Architecture grype

Grype

Architecture and design of the Grype vulnerability scanner

Code organization

At a high level, this is the package structure of Grype:

./cmd/grype/                // main entrypoint
│   └── ...
└── grype/                  // the "core" grype library
    ├── db/                 // vulnerability database management, schemas, readers, and writers
    │   ├── v5/             // V5 database schema
    │   └── v6/             // v6 database schema
    ├── match/              // core types for matches and result processing
    ├── matcher/            // vulnerability matching strategies
    │   ├── stock/          // default matcher (ecosystem + CPE)
    │   └── <ecosystem>/    // ecosystem-specific matchers (java, dpkg, rpm, etc.)
    ├── pkg/                // types for package representation (wraps Syft packages)
    ├── search/             // search criteria and strategies
    ├── version/            // version comparison across formats
    ├── vulnerability/      // core types for vulnerabilities and provider interface
    └── presenter/          // output formatters (JSON, table, etc.)

The grype package and subpackages implement Grype’s core library.

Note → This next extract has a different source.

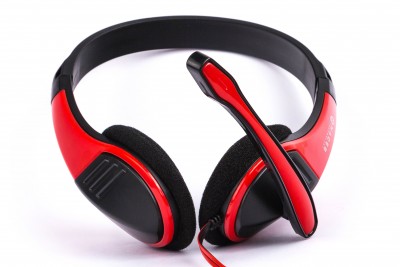 Audífonos Naceb Technology NA-589RO, Negro, 3,5 mm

The major packages work together in a pipeline:

  • The grype/pkg package wraps Syft packages and prepares them as match candidates, augmenting them with upstream package information and CPEs.
  • The grype/matcher package contains matching strategies that search for vulnerabilities matching specific package types.
  • The grype/db package manages the vulnerability database and provides query interfaces for matchers.
  • The grype/vulnerability package defines vulnerability data structures and the Provider interface for database queries.
  • The grype/search package implements search strategies (ecosystem, distro, CPE) and criteria composition.
  • The grype/presenter package formats match results into various output formats.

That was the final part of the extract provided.